I have one "giant sparkler" and two regular ones in with a few ghost shrimp, and those shrimp are literally as big as the regular sparklers. For cherries, adults are certainly too big to fit in their mouth, but they may make a nice snack out of the babies, so I wouldn't plan on breeding them in the same tank, but, in my experience, those gouramis leave shirmp in general alone


----------



## Raul-7

Cassie said:


> I have one "giant sparkler" and two regular ones in with a few ghost shrimp, and those shrimp are literally as big as the regular sparklers. For cherries, adults are certainly too big to fit in their mouth, but they may make a nice snack out of the babies, so I wouldn't plan on breeding them in the same tank, but, in my experience, those gouramis leave shirmp in general alone


Actually before he nows it he's going to be flooded with too many Cherry shrimp. Might as well let nature take it's course - as cruel as it sounds.


----------



## Isthan

I've got a planted 75 gallon with 15 harlequin rasbora and 6 pearl gourami.

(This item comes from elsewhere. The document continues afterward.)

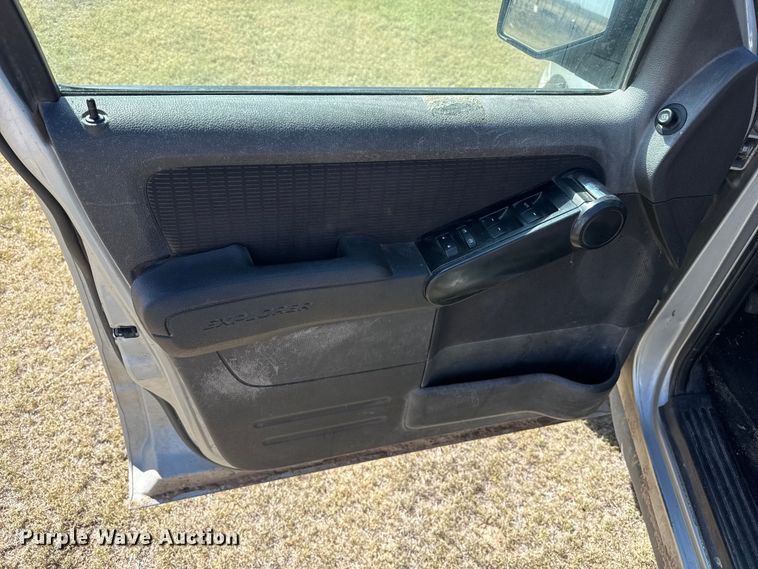 image for item FB6772 2010 Ford Explorer XLT SUV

I also have ghost shrimp n' snails for my cleanup crew (along with a few plecos, but thats besides the point). My Gourami leave the ghost shrimp alive, and the rasbora take little notice to the shrimp. If any shrimp should die though, the corpse becomes a buffet bonanza for fellow shrimp, plecos, snails, and gourami. As far as I can tell in my tank, the shrimp are left to their own devices but quickly become a snack when they pass away. 

If your shrimp dealer is anything like here in Nebraska, ghost shrimp are really cheap, $.20, while Cherry and forbid any Amano shrimp would cost $2-5 per. With them all having the same life expectancy, I would go with ghost shrimp unless you really want the color accent from cherries.


----------



## Cassie

Isthan said:


> If your shrimp dealer is anything like here in Nebraska, ghost shrimp are really cheap, $.20, while Cherry and forbid any Amano shrimp would cost $2-5 per. With them all having the same life expectancy, I would go with ghost shrimp unless you really want the color accent from cherries.


Good advice, unless you are going for a shrimp that eats algae, in which case I do not recommend ghosts. They, or mine at least, won't eat algae unless it's a last resort. They much prefer left over bits of fish food


----------



## southpark

not only will gouramis eat shrimp, the tetras will take pot shots at the shrimp as well

i've watched tetras pick legs off of shrimp (which eventually kills the shrimp)

so i'd recommend going for the 20 for 1$ ghost shrimp and provide hiding places for your shrimp to run to

the only fish i've seen that doesn't go after shrimp are otocinclus (and other specialty mouth fish) even my baby fry guppies will chase down shrimp sometimes


----------



## Cavan Allen

Raul-7 said:


> I don't think so, Sparkling Gourami's are really small (~1.5 inches). They are fairly timid and very shy, I think it's the last fish you need to worry about snacking on the shrimp.


That hasn't been my experience. _Trichopsis pumilis _ may be small, but they're hardly pushovers and don't take any guff from other fish. They're also very efficient hunters. I had several in my 30 gallon with RCS and noticed a big jump in the shrimp population when I took them out. One or two might be ok in a 75 with a healthy shrimp population.

Really any fish that has a mouth big enough will snag a shrimp from time to time. I once saw an espei rasbora get one.


----------



## Raul-7

Cavan Allen said:


> That hasn't been my experience. _Trichopsis pumilis _ may be small, but they're hardly pushovers and don't take any guff from other fish. They're also very efficient hunters. I had several in my 30 gallon with RCS and noticed a big jump in the shrimp population when I took them out. One or two might be ok in a 75 with a healthy shrimp population.
> 
> Really any fish that has a mouth big enough will snag a shrimp from time to time. I once saw an espei rasbora get one.


Really. Then I must be mis-informed, I thought they were similar to Licorice gourami's which have really small mouths and are very weary of anything that moves. I could see how they could pick out the smaller juveniles but my Licorice have trouble eating a 1mm NLS pellet!


----------



## Cavan Allen

I had a pumilis that didn't get any flake, live, or any other food for over a year. As far as I know, he ate nothing but cherries.


----------



## adlib33

Hey thanks for all of the input. With all of the different takes, it seems as if it's really up to the disposition of that particular fish and how satisfied they are. Isn't that almost always the case. I really hope that I manage a healthy shrimp population cause I'm gathering that almost all fish will take a shot the little shrimp from time to time.


----------